Faith community members speak out at Spokane Valley rally
Report and photos by Kaye Hult
Several faith leaders were among a coalition of concerned citizens who met in front of Spokane Valley City Hall the evening of Tuesday, Aug. 14, to ask the Spokane Valley City Council to adopt "A Resolution Against White Nationalism."
The document was created as a way for the council to build on the Diverse City Resolution it adopted in March 2017, saying the city does not tolerate discrimination and is an inclusive city.
The new resolution said the council members stand against racism, particularly white nationalism.
The issue stemmed from a meeting in July of Northwest Grassroots, which invited a known white nationalist to speak. Both Spokane Valley Mayor Rod Higgins and Spokane County treasurer Rob Chase attended. Some Spokane Valley citizens feared this signaled their approval of the white nationalist racist agenda.
The rally was co-led by Leilani DeLong and Joan Braune of Families Against Bigotry (FAB). Leilani also participates in Valley Indivisible Progressives and Spokane Community Against Racism (SCAR).
She opened the rally by introducing the Rev. Jim CastroLang, pastor of First Congregational United Church of Christ in Colville. He also is a member of the local Faith Leaders and Leaders of Conscience (FLLC), which formed to support the Poor People's Campaign and "moments like this."
Jim reminded those gathered that the land on which they gathered is the sacred land of the Spokane Tribe.
"What we do today in combating hate is not only to remember Charlottesville but also to connect to with so much more going way back," he said.
Remembering the eruption of hate in Charlottesville last year, when Heather Heyer was killed by a car driven by a neo-Nazi, Jim invited those gathered to join in a moment of silence.
"We are in a troubling time stoking the fear, waving the flames of hate," he continued. "So we are here to pray for and call on the Spokane Valley City Council to do the right thing—to denounce hate and clearly commit to working for equality for all.
"We are here to affirm the dignity, respect and wonderfulness of all people—no matter the color of their skin, their faith or no faith, their sexual orientation, gender expression or gender identity," Jim said.
He concluded with a call-and-response prayer to remember, repent and repair, adapted from a gathering of faith leaders the previous Sunday in Charlottesville.
Rabbi Tamar Malino, another member of FLLC, then spoke.
She responded to the chant last year in Charlottesville, "Jews will not replace us" and to any in the Spokane area who identified with it.
"We are not here to replace you. We are here to live with you, and with every person of every color, and every faith in this nation. We don't want to replace you, but we do want to replace your hatred with our love, your fear with our hope, your bigotry with impartiality and fair-mindedness," she said.

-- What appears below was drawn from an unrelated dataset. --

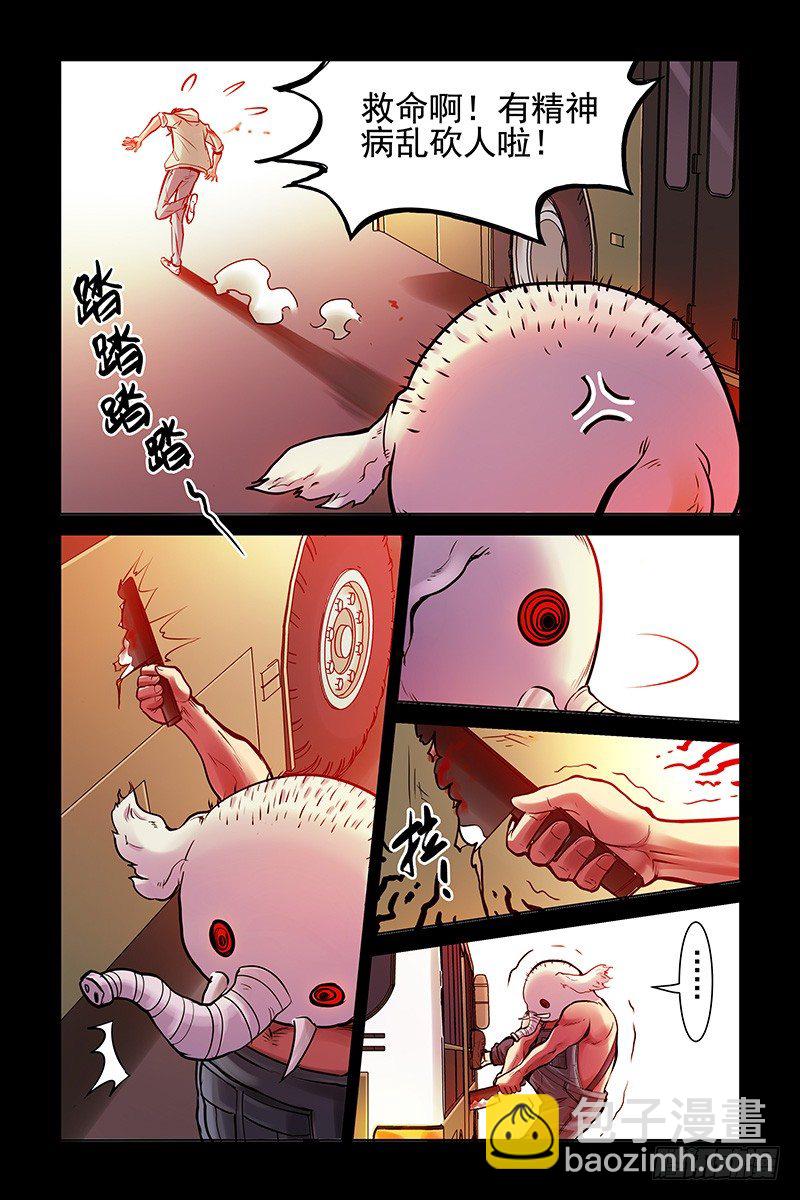 2.谜一样的红发少女6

"We want to replace racism and anti-Semitism with the great creed of our country that every person is equal to every other person, and every human being deserves dignity and respect," Tamar said.
After sharing a prayer, she asked the Spokane Valley City Council to "articulate their ideals, to be an instrument for justice and peace in this community, and for us all to continue together to fight hatred, bigotry, racism and anti-Semitism, wherever we see it: in Spokane County, in Washington state, in the United States and, if we can be so bold, in the whole world."

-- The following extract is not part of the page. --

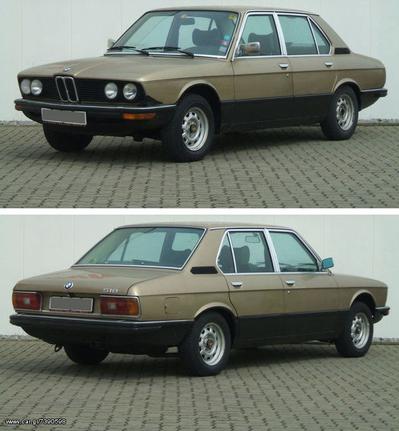 BMW - 5 E12 05/72-08/81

The Rev. Rick Matters, an Episcopal priest in the Diocese of Spokane, then expressed concern that leaders of white supremacist groups instructed followers not to attend a march in front of the White House the previous weekend. That would make them look like weirdos.
What they are to do is to "blend in, look hip, make friends and infiltrate the political system." This way, they can "distort the American Dream."
Rick called for articulating the true American Dream "of liberty and justice for all, respect and dignity for all, inclusion and compassion for all. Democrat, Republican, Progressive and those who choose not to vote at all need to make clear our American values.
"Silence is the enemy that allows white supremacists to succeed in their agenda of hate and exclusion," he said.
He asked for politicians to repudiate hate groups and to raise their voices against hate speech.
"We call on politicians of all stripes to take actions that protect and welcome all members of society. Indeed, we call on all members of society to speak out, as we are speaking up, for an inclusive, friendly and just society," he said.
Rick concluded by thanking Spokane Valley City officials for choosing to place two statues of Native Americans in front of the city hall, honoring them for their care of this land "for hundreds, if not thousands, of years. We ask them to continue in this tradition."
Leilani then said, "Bold action is needed to correct the perception of Spokane Valley as a center of ignorance and racial discrimination and bigotry."
She asked the mayor and council to sign the resolution.
Joan, who organized the event with Leilani, led a chant, "Justice now!"
The rally dispersed. More than 50 attended, and many spoke at the council meeting, including people from Northwest Grassroots.
Many urged the mayor and council to sign the anti-white supremacy resolution.
Gary Vandusen of Liberty Lake said people are judged by the company they keep. Citizens and businesses and potential businesses need to know that Spokane Valley is an inclusive community.